Mary suddenly begins an unusual foot treatment for Jesus by applying a large amount of nard to his feet. Nard is a highly-prized ointment imported from India that was prized by both men and women in the ancient world. It had a sweet-woody odor that was very heavy and likely to fill the entire house. The “pint” that she applied to Jesus’ feet would be worth something in the area of $20,000.00 today. Mary held nothing back in using so much of the very expensive luxury on Jesus, even mopping up the excess with her hair, a gesture of pure humility in front of mixed company; in short this was a shocking scene, and yet it shows us that Mary was holding nothing back in her service to Jesus. I daresay that there is a lesson in this for our time, for how many of us would pour $20,000.00 on Jesus’ feet? It seems likely that Mary understood that Jesus would soon be taken from them, and she was not going to stand by His grave and wish she had told him how much she loved him.
Judas raises what seems to be a logical objection to all of this extravagance pointing out that the money could have been put to a better use; very reasonable indeed. However John points out in the text that Judas may have had an ulterior motive for his objection as he has been known to embezzle their funds in his keeping. Notice that John does not reveal how or when they became aware of this, but it does show us a glimpse of the character of the man who would shortly turn traitor. One thing is clear; it wasn’t the poor that Judas was mourning for.
Jesus will have none of this criticism. He points out that she had saved it for His funeral, and even though the funeral hadn’t come about, it would within the week, and Mary would prize her act even more on that day. As for the poor, Jesus commented on that as well, although his comment has been misinterpreted by many since. He was not giving justification of those who would ignore those in need, but rather that there are times when service to God trumps everything else; even good works. How many Christians over the centuries have been so concerned with good social works that they have missed out on a closer relationship with the Lord! He comes first in all things, even doing good deeds.
News of the raising of Lazarus and Jesus’ arrival in Bethany reached near-by Jerusalem very quickly and many came out to see both Jesus and Lazarus. Of course amongst the curious were also their leaders who had different things in mind. Their hatred of Jesus was all the greater for so many more were prepared to follow Him and to discontinue following their leaders. From their point of view, this had to stop for their position was being severely threatened; Lazarus must go as well as Jesus. Thus, the stage is set for the final drama of Jesus’ last week and the most seminal event of all human history.

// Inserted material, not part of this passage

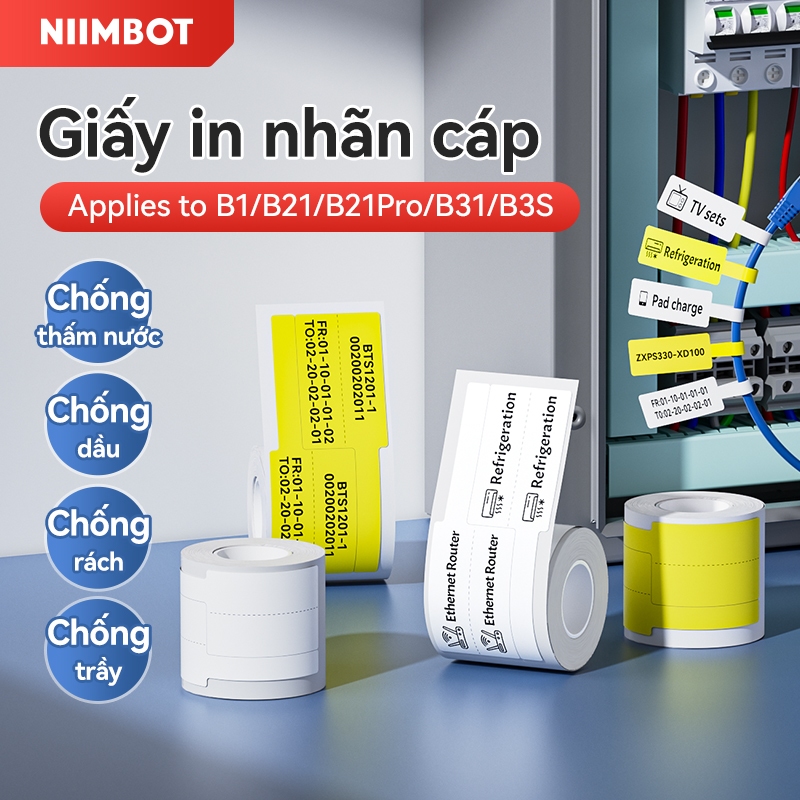 Niimbot B21/B1/B31Nhãn cáp Giấy chống thấm nước Thẻ dây sợi Nhãn Tổ chức Mạng lưới Đánh dấu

As this text comes to its close, there are two main threads to the story, and two sub-plots. The two main threads can be summed up as support for Jesus, and opposition to Jesus, and the sub-plots are holding back and murderous intent. On the side of support, we see the gathering crowds that have come to see Jesus and Lazarus, many of whom are ready to follow Jesus. On this side also is Mary, standing above all the rest, for Mary has given everything to Him, while the rest remain somewhat less committed, probably at various stages of comprehension as to what it really means to follow Jesus.
On the other hand, we have Judas, who for various reasons of his own doesn’t see the value in what Mary has done. He does have a valid point; that the Nard could have been sold and many good things done with the money, not to mention a few bucks in his own pocket; Judas doesn’t seem to quite comprehend what following Jesus really means. Then of course, we have the Pharisees and the other leaders of the people, who see that despite their efforts, the crowds keep growing larger, along with the threat to their positions; something must be done, and quickly.
If we take a step back from the narrative, we might also discern that not only is this is not only the climax of Jesus’ ministry, it is also where we approach the climax of our own lives. On the one hand, Mary has given her all to Jesus, and in doing so has essentially thrown down the gauntlet to all of us: Will we follow her lead? On the other hand, those who prize their worldly positions have also thrown down a gauntlet: Will we join with them in their quest to stop Jesus at all costs?
Like those in the room with Jesus that day, and those gathering outside, most of us are somewhere in between the two camps, and this is where I believe that God is leading us to a decision. Is God speaking to you in this text? If so, what are you going to do about it?